=== Source material ===
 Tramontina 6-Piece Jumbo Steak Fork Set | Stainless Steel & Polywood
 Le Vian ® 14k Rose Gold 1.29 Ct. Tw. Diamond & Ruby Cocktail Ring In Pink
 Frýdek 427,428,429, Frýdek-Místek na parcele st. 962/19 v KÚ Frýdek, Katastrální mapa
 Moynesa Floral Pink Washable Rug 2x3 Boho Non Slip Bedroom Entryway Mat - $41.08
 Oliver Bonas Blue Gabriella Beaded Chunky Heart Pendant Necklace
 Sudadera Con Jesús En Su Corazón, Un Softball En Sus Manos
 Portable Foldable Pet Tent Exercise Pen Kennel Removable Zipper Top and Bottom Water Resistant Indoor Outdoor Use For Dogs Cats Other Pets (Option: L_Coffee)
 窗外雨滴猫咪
--
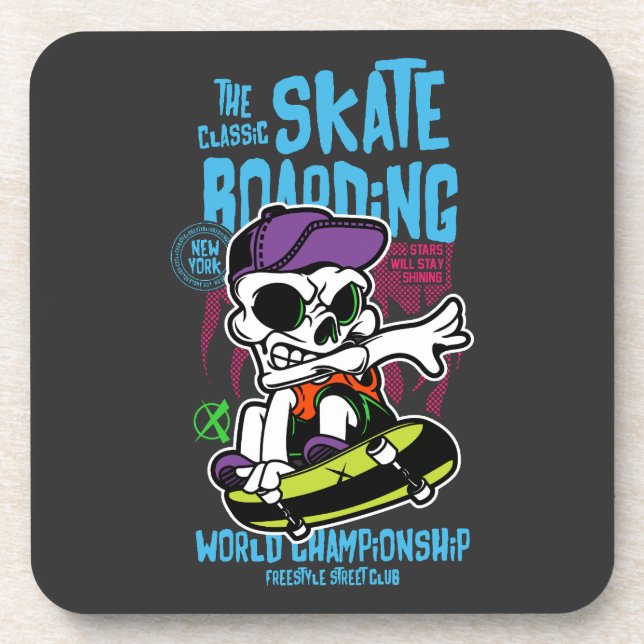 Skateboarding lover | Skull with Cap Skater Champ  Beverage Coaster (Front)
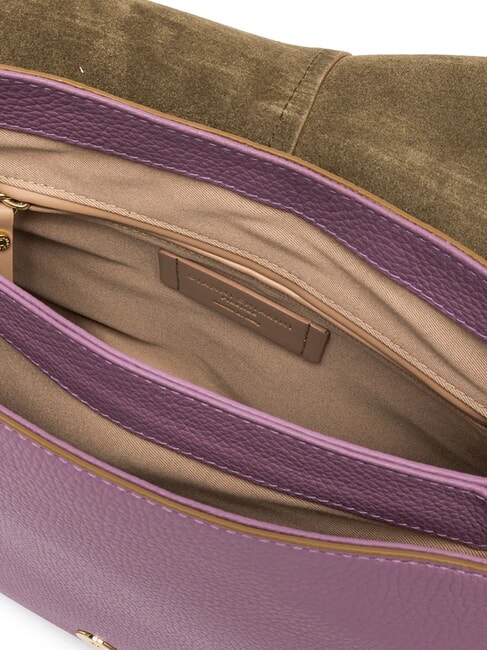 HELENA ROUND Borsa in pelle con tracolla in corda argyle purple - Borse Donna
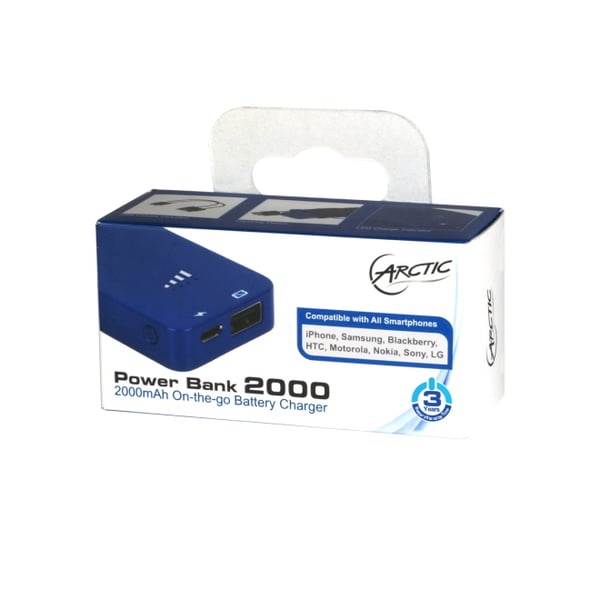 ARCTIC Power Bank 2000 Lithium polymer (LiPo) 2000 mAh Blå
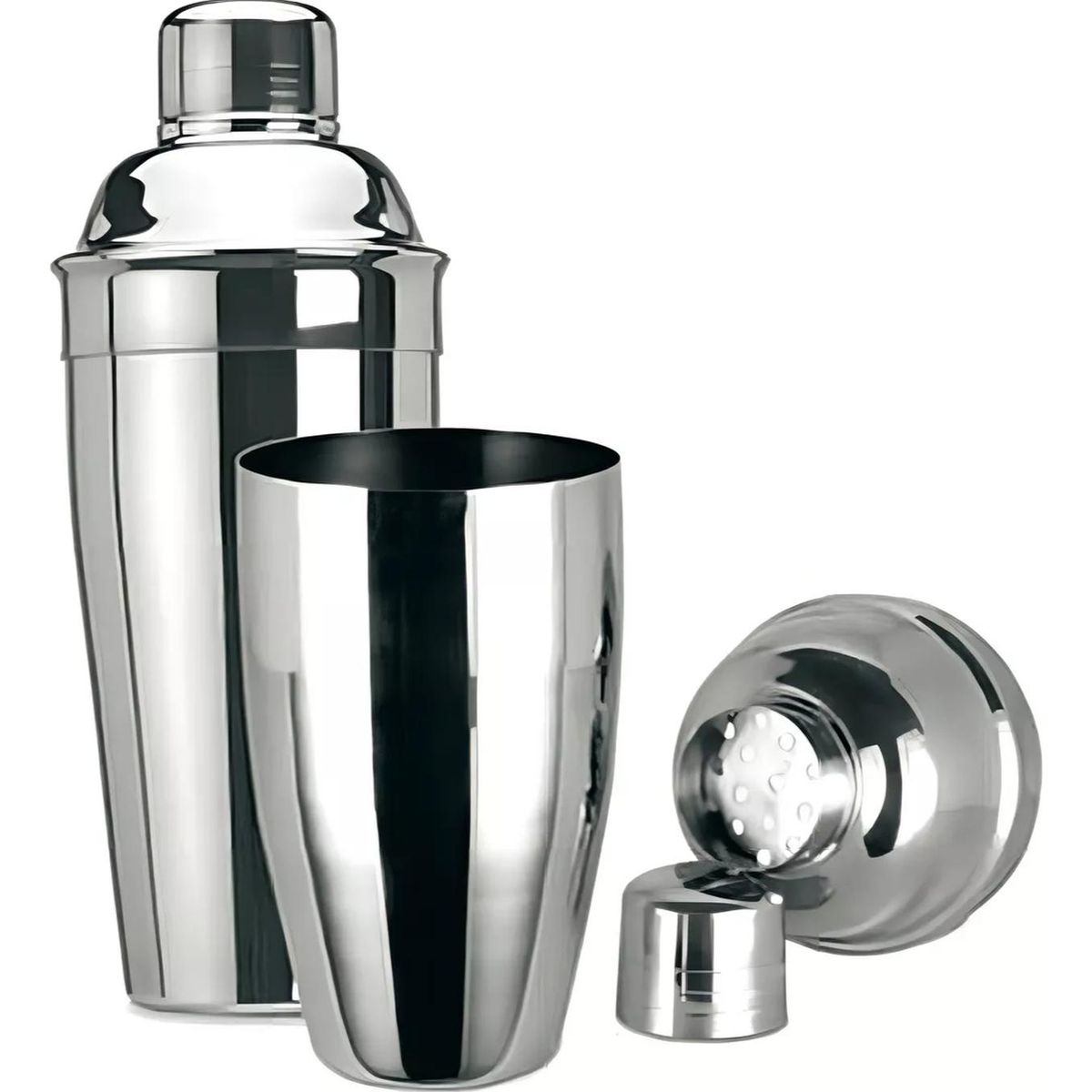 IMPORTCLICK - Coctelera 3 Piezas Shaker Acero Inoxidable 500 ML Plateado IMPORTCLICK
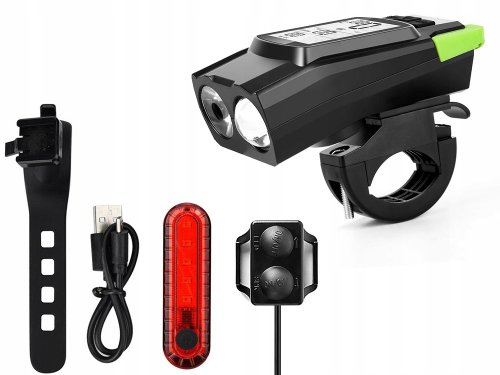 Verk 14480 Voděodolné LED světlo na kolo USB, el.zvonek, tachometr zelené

=== Assignment ===
Return from the data every line that holds "Pink".

=== Response area ===
 Le Vian ® 14k Rose Gold 1.29 Ct. Tw. Diamond & Ruby Cocktail Ring In Pink
 Moynesa Floral Pink Washable Rug 2x3 Boho Non Slip Bedroom Entryway Mat - $41.08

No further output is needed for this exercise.